#### [What you have to do]
Copy the line with "41 Inch Lightweight" and all lines following it through the last line of the entries, exactly as written.

[Data provided — start]

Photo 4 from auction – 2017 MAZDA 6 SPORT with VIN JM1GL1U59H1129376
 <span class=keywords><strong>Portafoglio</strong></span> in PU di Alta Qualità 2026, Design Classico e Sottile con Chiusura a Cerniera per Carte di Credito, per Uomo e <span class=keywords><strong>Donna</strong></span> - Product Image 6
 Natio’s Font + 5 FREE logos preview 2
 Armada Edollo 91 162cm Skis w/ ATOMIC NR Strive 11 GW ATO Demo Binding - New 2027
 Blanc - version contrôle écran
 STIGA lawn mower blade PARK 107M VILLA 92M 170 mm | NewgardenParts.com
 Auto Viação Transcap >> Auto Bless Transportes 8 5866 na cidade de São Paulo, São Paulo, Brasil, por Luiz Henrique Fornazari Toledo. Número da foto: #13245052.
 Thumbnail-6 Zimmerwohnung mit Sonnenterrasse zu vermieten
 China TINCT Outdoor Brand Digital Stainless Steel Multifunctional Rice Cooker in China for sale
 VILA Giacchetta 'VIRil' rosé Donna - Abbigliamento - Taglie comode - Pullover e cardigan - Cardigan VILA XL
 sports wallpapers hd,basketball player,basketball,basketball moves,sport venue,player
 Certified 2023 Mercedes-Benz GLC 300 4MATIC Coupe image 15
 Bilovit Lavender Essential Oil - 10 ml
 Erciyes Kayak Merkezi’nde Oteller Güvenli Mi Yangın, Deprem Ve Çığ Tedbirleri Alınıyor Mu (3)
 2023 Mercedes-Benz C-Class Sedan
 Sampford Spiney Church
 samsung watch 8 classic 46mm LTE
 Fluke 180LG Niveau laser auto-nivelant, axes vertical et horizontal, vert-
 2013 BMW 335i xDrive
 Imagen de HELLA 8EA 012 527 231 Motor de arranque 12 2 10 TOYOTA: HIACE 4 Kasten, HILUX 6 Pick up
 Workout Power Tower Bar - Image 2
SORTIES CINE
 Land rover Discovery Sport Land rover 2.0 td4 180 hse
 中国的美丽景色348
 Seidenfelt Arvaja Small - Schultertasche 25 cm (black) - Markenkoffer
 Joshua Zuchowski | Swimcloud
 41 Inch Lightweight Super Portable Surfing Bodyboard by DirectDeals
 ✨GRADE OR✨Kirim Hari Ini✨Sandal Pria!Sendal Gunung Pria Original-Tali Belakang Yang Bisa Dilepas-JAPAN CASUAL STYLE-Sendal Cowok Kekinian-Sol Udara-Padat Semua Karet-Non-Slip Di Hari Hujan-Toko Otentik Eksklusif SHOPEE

[Data provided — finish]

#### [Solution for this problem]
 41 Inch Lightweight Super Portable Surfing Bodyboard by DirectDeals
 ✨GRADE OR✨Kirim Hari Ini✨Sandal Pria!Sendal Gunung Pria Original-Tali Belakang Yang Bisa Dilepas-JAPAN CASUAL STYLE-Sendal Cowok Kekinian-Sol Udara-Padat Semua Karet-Non-Slip Di Hari Hujan-Toko Otentik Eksklusif SHOPEE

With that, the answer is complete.